=== Data in this exercise ===
++++++++++
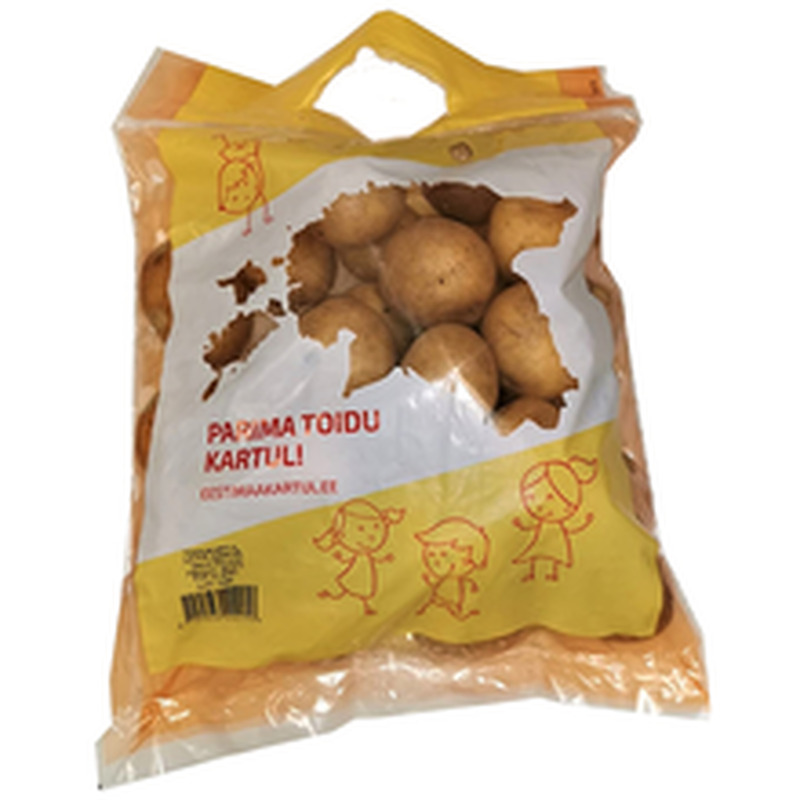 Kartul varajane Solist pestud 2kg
++++++++++
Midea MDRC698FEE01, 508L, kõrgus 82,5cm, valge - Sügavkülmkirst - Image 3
++++++++++
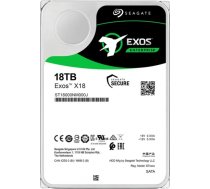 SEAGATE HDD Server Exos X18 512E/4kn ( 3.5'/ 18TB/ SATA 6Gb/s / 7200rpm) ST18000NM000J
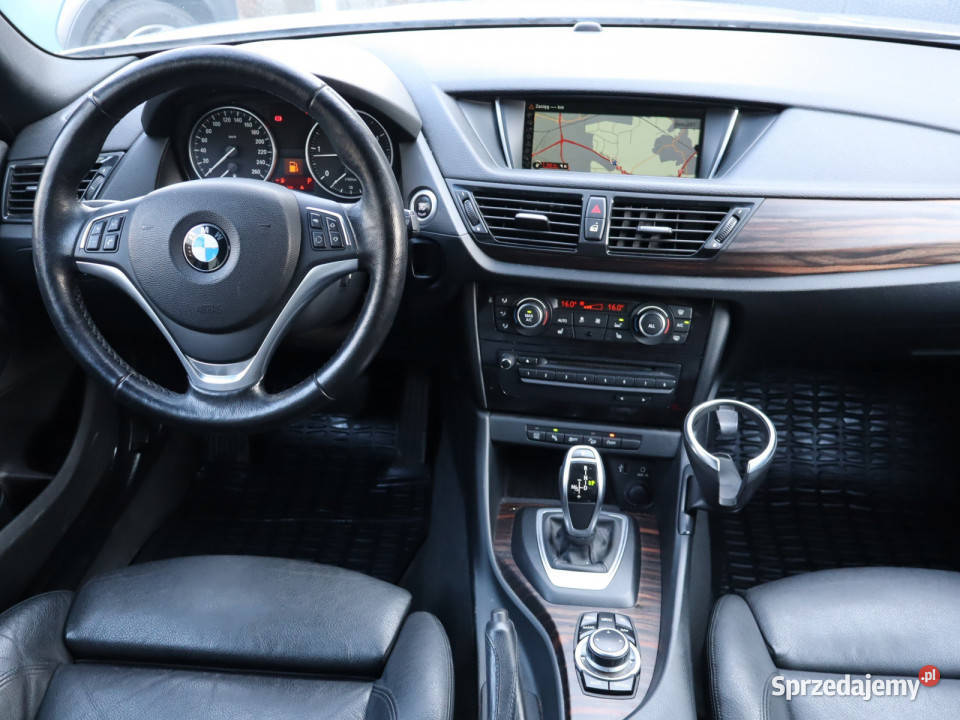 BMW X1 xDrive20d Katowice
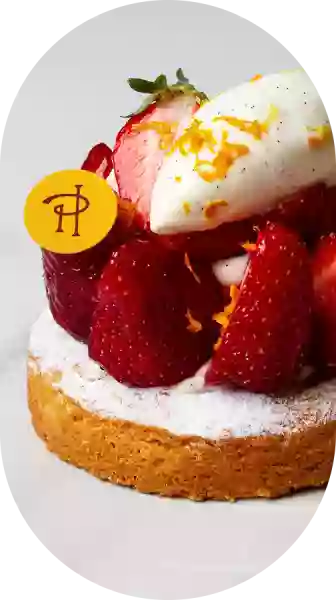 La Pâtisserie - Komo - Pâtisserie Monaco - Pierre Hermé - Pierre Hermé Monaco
++++++++++
=== Prompt ===
Leave out the images and write out the lines above exactly, from the one with "BMW X1 xDrive20d Katowice" up to and including the one with "La Pâtisserie - Komo".

=== Solution for this problem ===
 BMW X1 xDrive20d Katowice
 La Pâtisserie - Komo - Pâtisserie Monaco - Pierre Hermé - Pierre Hermé Monaco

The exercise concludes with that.